Economist Paul Krugman has suggested that the structure of the currency 
incentivizes hoarding and that its value derives from the expectation that 
others will accept it as payment. Economist Larry Summers has expressed 
a "wait and see" attitude when it comes to Bitcoin. Nick Colas, a market 
strategist for ConvergEx Group, has remarked on the effect of increasing 
use of Bitcoin and its restricted supply, noting, "When incremental 
adoption meets relatively fixed supply, it should be no surprise that 
prices go up. And that’s exactly what is happening to BTC prices."
"""

names = get_human_names(text)
for person in person_list:
    person_split = person.split(" ")
    for name in person_split:
        if wordnet.synsets(name):
            if(name in person):
                person_names.remove(person)
                break

print(person_names)

OUTPUT

['Francois R. Velde', 'Richard Branson', 'Economist Paul Krugman', 'Nick Colas']

Apart from Larry Summers all the names are correct and that is because of the last name "Summers".

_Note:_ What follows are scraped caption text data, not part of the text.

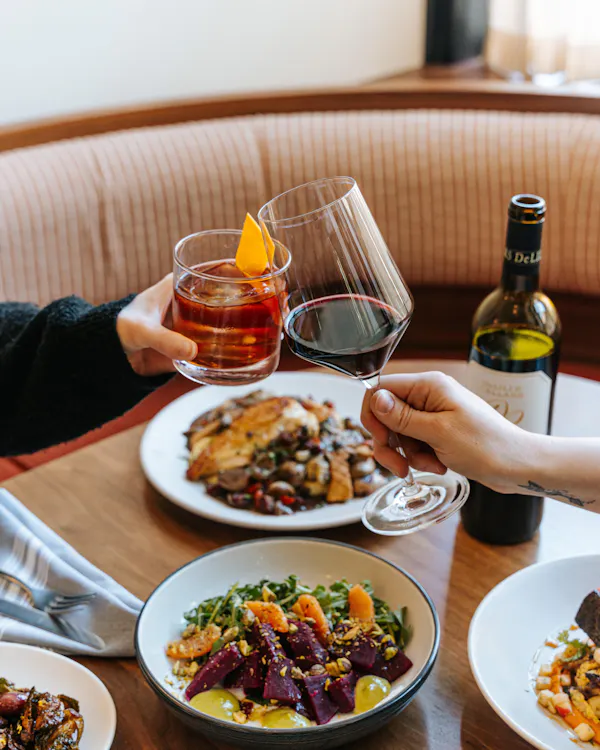 food, tableware, drinkware, stemware, table, wine glass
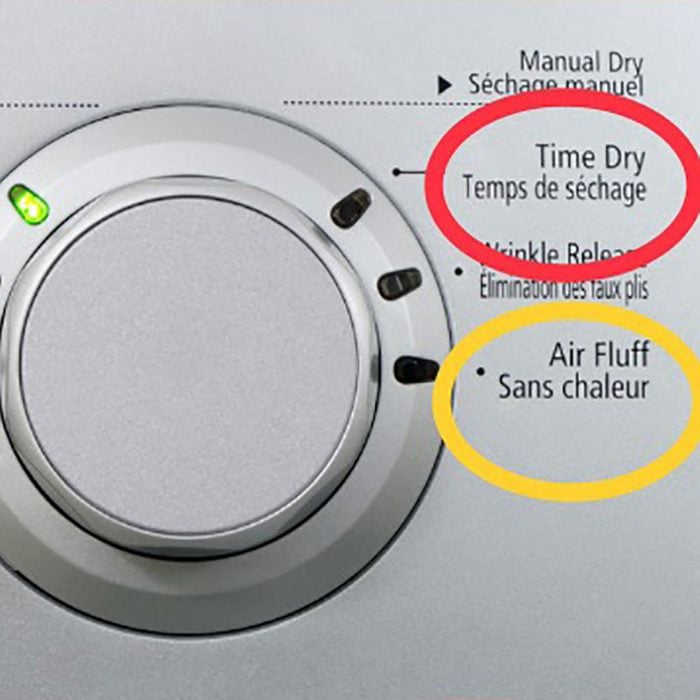 check dryer settings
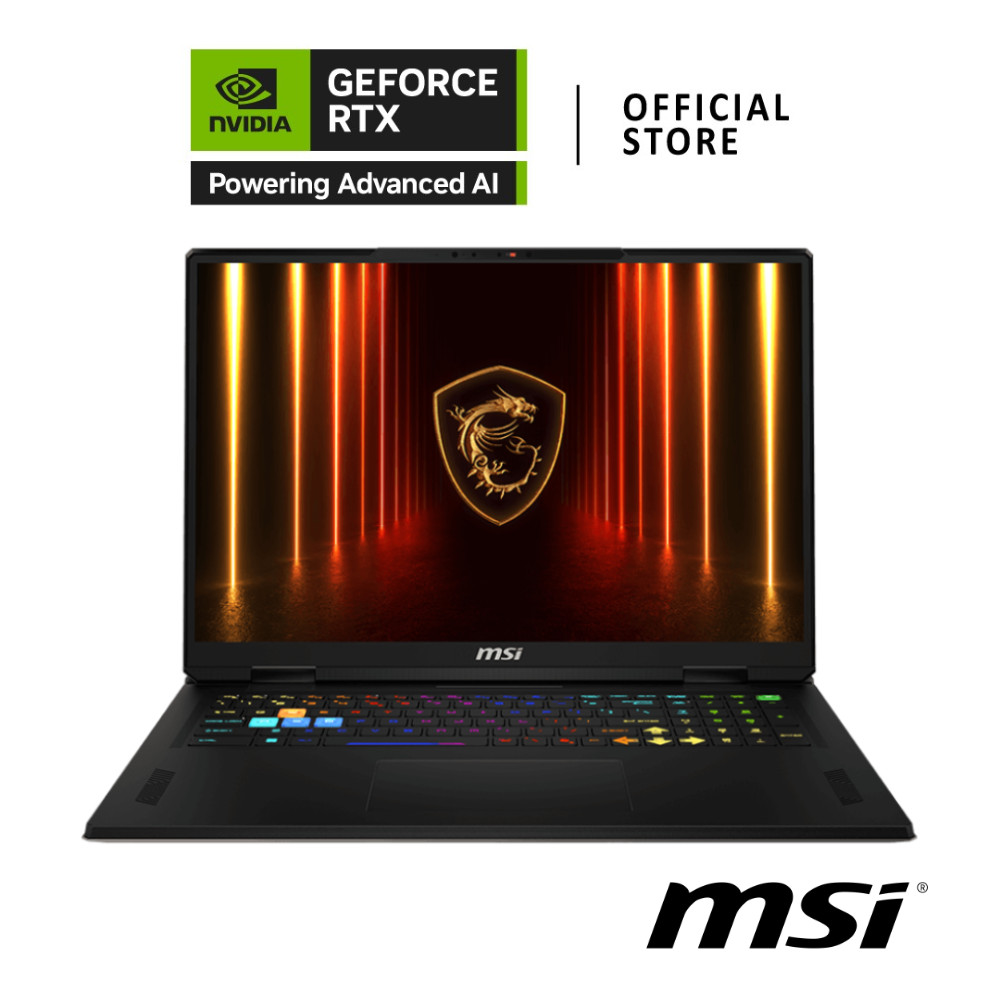 MSI Vector 18 HX AI | NVIDIA® GeForce RTX™ 5090 | Intel® Core™ Ultra 9-275HX (A2XWJG-660TH)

The answer of @trojane didn't quite work for me, but helped a lot for this one.

Prerequesites

Create a folder stanford-ner and download the following two files to it:

  • english.all.3class.distsim.crf.ser.gz
  • stanford-ner.jar (Look for download and extract the archive)

Script

#!/usr/bin/env python
# -*- coding: utf-8 -*-

import nltk
from nltk.tag.stanford import StanfordNERTagger

text = u"""
Some economists have responded positively to Bitcoin, including
Francois R. Velde, senior economist of the Federal Reserve in Chicago
who described it as "an elegant solution to the problem of creating a
digital currency." In November 2013 Richard Branson announced that
Virgin Galactic would accept Bitcoin as payment, saying that he had invested
in Bitcoin and found it "fascinating how a whole new global currency
has been created", encouraging others to also invest in Bitcoin.
Other economists commenting on Bitcoin have been critical.
Economist Paul Krugman has suggested that the structure of the currency
incentivizes hoarding and that its value derives from the expectation that
others will accept it as payment. Economist Larry Summers has expressed
a "wait and see" attitude when it comes to Bitcoin. Nick Colas, a market
strategist for ConvergEx Group, has remarked on the effect of increasing
use of Bitcoin and its restricted supply, noting, "When incremental
adoption meets relatively fixed supply, it should be no surprise that
prices go up. And that’s exactly what is happening to BTC prices.
"""

st = StanfordNERTagger('stanford-ner/english.all.3class.distsim.crf.ser.gz',
                       'stanford-ner/stanford-ner.jar')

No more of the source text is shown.